First Control Period (2009–2011)
In the first control period, between 2009 and 2011, RGGI auctioned 395 million CO2 allowances, or 70 percent of the total 564 million available. CO2 emissions in the region fell below the cap, leaving a surplus of unsold CO2 allowances. Over the program’s first fourteen quarterly auctions, the clearing price for CO2 allowances ranged between $1.86 and $3.35, yielding $922 million in revenue. A report by the New York State Energy Research and Development Agency attributes the region’s decrease in CO2 emissions to fuel-switching from petroleum and coal to less carbon-intensive natural gas, lower electricity demand, and increased nuclear and renewable capacity.
At the end of the first control period, New Jersey Gov. Chris Christie withdrew the state from RGGI.
Second Control Period (2012–2014)
The nine remaining RGGI states continued the program, lowering the cap to account for New Jersey’s departure. Demand for allowances throughout 2012 remained low, with prices never exceeding $1.93. Demand increased dramatically, however, upon release of the updated Model Rule, which lowered the 2014 CO2 budget to 91 million tons. At the next auction, clearing prices rose as high as $3.21 and 100 percent of allowances were sold. Between 2012 and 2013, nearly 80 percent of allowances offered at auction were sold.
Changes after 2012 Program Review
Starting Jan. 1, 2014, member states began implementing the updated Model Rule adopted in late 2013. The 2014 emissions cap of 91 million tons of CO2 was set 45 percent lower than 2013, to be closer to projected emissions in 2014, and was set to decline 2.5 percent annually until 2020.

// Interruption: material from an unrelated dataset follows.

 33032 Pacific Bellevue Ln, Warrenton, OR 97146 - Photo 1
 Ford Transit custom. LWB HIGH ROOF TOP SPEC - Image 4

In addition to reducing the cap, the 2012 Program Review introduced several policy provisions. One of these is a Cost Containment Reserve (CCR), intended to keep the price of allowances from rising above a program-wide trigger price ($4 in 2014, $6 in 2015, $8 in 2016, $10 in 2017, and increasing 2.5 percent annually thereafter). The CCR consists of a limited supply of additional CO2 emission allowances separate from the annual RGGI Program CO2 Budget, which are to be made available for purchase when demand for allowances causes the clearing price to exceed the trigger price.